One of the reps, who I will call Danny, was accountable for almost 40% of the total sales (which is unbelievably high, in a team of 12 reps). It seemed that Danny knew something that the other reps simply did not. Danny was well paid for his contribution and was continuously collecting extremely high bonuses.
The management was hopping to scale the sales up, by revealing Danny’s secret sauce and use it to automatically allocate the most promising leads in some even way. The company that I was working for was hired as a contractor, to build a model for scoring leads according to their propensity to buy.
I clearly remember the kickoff meeting of that project. Danny and another rep were representing the sales team. The VP sales started his pitch by saying that there were enough good leads for everyone, and that they could make sure that all the reps, including Danny get better results. During the meeting, Danny seemed to be engaged, but when he took us out, after the meeting ended, and we were left alone with him, he smiled and advised us not to take the project, since he did not think it will succeed.
Three months later we implemented our model. It was tested, and then tested again and again and proved to produce a very good lead scoring. For a reason that I do not exactly know, the outcomes of the automated list (on terms of actual sales) were a complete failure, although we examined the produced list and it looked just fine. A couple of days after the implementation, the sales team started with an Italian strike, and very soon the VP sales let us know that although he recognized the strength of the model, they were going back to the previous method. Danny had such a strong incentive to preserve the existing situation, and such a strong impact on every aspect of operations, that no matter what we did, he could make sure it fails.

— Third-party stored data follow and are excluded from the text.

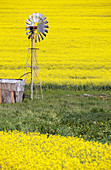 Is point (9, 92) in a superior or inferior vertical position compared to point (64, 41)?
inferior

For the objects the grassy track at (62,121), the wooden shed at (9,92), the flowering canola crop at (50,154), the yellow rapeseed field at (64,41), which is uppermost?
the yellow rapeseed field at (64,41)

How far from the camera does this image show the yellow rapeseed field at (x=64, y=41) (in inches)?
975

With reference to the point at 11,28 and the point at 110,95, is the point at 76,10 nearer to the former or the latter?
the point at 11,28

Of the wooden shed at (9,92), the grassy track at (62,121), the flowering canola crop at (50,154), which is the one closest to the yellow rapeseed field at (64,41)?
the wooden shed at (9,92)

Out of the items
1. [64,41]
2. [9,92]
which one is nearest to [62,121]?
[9,92]

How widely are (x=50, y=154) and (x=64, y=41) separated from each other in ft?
86.9

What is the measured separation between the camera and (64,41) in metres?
33.1

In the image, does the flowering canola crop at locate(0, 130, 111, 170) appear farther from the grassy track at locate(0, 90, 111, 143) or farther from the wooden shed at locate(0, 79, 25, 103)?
the wooden shed at locate(0, 79, 25, 103)

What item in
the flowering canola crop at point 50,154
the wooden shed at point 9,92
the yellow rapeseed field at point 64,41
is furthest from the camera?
the yellow rapeseed field at point 64,41

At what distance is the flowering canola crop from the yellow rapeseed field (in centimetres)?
1354

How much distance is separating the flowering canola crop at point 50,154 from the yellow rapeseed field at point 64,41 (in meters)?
13.5

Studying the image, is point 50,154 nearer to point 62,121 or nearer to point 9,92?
point 62,121

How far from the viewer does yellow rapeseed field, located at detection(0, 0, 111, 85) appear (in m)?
24.8

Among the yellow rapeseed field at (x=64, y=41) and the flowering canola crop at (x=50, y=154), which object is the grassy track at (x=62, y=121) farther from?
the yellow rapeseed field at (x=64, y=41) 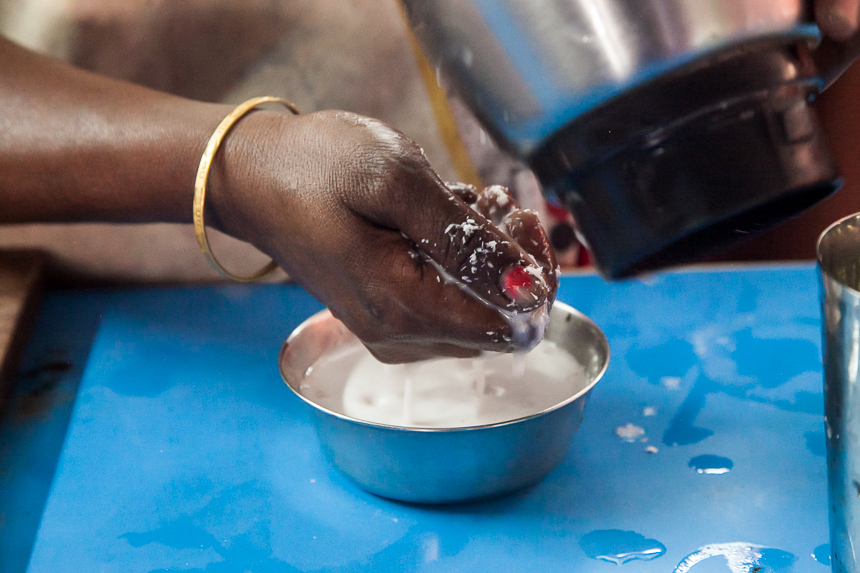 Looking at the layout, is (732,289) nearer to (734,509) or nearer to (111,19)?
(734,509)

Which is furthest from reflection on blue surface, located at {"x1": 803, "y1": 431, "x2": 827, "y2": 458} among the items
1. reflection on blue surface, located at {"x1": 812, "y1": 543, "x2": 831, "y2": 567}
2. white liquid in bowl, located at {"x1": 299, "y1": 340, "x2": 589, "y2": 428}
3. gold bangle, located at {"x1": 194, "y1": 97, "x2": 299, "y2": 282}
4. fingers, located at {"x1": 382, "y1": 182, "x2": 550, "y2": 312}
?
gold bangle, located at {"x1": 194, "y1": 97, "x2": 299, "y2": 282}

That failure kept me frustrated for a long time, but it also taught me an important lesson: it is the human intelligence that make data science projects succeed or fail. Not the artificial one.

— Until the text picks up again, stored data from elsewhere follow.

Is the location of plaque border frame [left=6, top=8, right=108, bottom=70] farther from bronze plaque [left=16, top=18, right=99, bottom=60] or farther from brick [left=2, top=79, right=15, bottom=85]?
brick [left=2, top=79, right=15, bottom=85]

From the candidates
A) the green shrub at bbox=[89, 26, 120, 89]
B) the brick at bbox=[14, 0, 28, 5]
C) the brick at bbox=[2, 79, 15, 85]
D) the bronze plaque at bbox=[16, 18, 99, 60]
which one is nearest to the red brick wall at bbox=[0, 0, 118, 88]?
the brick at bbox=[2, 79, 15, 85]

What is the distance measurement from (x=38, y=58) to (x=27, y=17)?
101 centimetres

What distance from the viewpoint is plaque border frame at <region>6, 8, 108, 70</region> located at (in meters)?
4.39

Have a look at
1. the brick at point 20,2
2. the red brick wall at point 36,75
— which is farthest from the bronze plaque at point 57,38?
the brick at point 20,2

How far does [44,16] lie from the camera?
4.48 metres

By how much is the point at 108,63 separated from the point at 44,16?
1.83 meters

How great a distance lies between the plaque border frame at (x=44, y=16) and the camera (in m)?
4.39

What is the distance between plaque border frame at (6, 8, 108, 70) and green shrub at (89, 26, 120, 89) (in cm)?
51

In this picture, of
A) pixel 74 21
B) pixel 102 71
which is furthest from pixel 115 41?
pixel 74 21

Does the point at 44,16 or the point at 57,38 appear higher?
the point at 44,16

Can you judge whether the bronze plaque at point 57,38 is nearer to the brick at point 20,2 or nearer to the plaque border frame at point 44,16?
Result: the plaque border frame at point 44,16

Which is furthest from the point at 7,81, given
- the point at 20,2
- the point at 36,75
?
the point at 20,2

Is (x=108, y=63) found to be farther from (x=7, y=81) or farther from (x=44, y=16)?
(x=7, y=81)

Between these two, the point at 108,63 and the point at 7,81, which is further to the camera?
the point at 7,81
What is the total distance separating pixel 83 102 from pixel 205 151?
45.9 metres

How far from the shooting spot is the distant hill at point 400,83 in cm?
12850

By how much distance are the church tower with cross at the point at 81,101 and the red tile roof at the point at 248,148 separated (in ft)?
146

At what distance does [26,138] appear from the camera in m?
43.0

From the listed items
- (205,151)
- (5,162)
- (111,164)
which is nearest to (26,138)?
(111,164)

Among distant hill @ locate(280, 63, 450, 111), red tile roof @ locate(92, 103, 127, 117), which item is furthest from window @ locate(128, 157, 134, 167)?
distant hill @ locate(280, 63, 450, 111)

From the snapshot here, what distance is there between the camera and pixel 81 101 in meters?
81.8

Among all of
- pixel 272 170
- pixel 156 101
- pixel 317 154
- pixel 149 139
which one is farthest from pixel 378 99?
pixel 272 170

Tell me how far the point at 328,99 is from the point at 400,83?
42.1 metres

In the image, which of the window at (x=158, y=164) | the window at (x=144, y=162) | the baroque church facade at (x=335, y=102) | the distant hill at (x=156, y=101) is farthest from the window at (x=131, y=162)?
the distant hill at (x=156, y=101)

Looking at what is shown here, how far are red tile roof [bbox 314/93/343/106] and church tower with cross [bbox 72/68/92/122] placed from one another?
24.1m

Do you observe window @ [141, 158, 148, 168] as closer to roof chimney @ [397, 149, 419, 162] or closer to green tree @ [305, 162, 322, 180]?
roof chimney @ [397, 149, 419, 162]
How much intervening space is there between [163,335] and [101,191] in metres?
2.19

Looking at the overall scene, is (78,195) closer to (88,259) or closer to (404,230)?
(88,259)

Data science projects, as any other organizational project are intended to promote the business. We talk a lot about the risk of managing such project from a scientific or a technical perspective. However, even if we are focused on the business objectives and make sure that the models we build deliver them, we must bear in mind that AI solutions eventually affect the daily lives of humans. And different humans might have different opinions on how they want things to be done. It is called workplace politics or organizational politics, and it is the # 1 reason of failure of AI projects.
In a quick, non-scientific and non-balanced poll that I once run, most of the respondents referred to organizational politics with a strong negative sentiment. Organizational politics is often associated with deals that are made behind closed doors, personal interests that conflict with the organizational motivation and even dishonesty. However, you cannot avoid the fact that promoting meaningful endeavors within an organization require the cooperation of several (and often many) stakeholders. These stakeholders are human beings, with different set of believes, different perspectives and different opinions about the situation. We do not want everyone in an organization to think the same. An organization in which everyone thinks the same is unhealthy. Moreover, when different stakeholders in the organization have an opinion on something, it is desirable that they assert on their opinions and act to promote it. On the other hand, an organization cannot be an anarchy where everyone is acting based on his or her own interests. And an organization is not a democracy either. Healthy organizations have a structured way to balance between the ability of stakeholders to affect decision and their responsibility to commit with decisions, even if they disagree with them.
Yes, organizational politics is central in any aspect of the organization and is not unique to AI. However, when it comes to AI projects, there is another dimension of misunderstanding, emotions and misconceptions that tend to magnify the impact of organizational politics. In most of the cases there are only few stakeholders within the organization that really understand what AI is and how it can improve the business or the product. Many others may have opinions that are based of professional pride, fears, and other emotions (including for example curiosity). Emotions are powerful, but when not managed and aligned, often lead to an organizational conundrum.
Over the years, and the different organizations that I got to work with on AI, I collected the following tips that might help you use the organizational politics rather than get stopped by it.
Management commitment: in a healthy organization, management have mechanisms to align the organization with the decisions that are made. Strong managements closely listen and aware of the organizational situation and can spot objections and act carefully to resolve them. If you want to promote a serious change in an organization, you must first build management commitment.
Clear vision: management commitment is a must, but it is not enough. To make sure that management directs in the right way, you must verify that it also has a clear vision for the project. No matter how strong the management is, it cannot align the entire organization without such a vision.
Communication of the vision: the only way to align an organization towards a vision is to consistently communicate that vision and help everyone understand it.
Mapping all the stakeholders and listening to all the voices: as part of the learning process it is highly important to map every stakeholder who might be affected or might influence the AI solution. Do not narrow your discussion to decision makers. Listen to each stakeholder, be sensitive to different opinion and think how they might affect the project.
organizational politics is the # 1 reason of failure of AI projects. At the same time, organizational politics is not necessarily a bad thing. It is an integral part of the organizational life. Having a strong management commitment, a clear vision that is well communicated within the organization and by listening to the voices of all the stakeholders you can navigate your projects within the organization and dramatically increase your chances to succeed.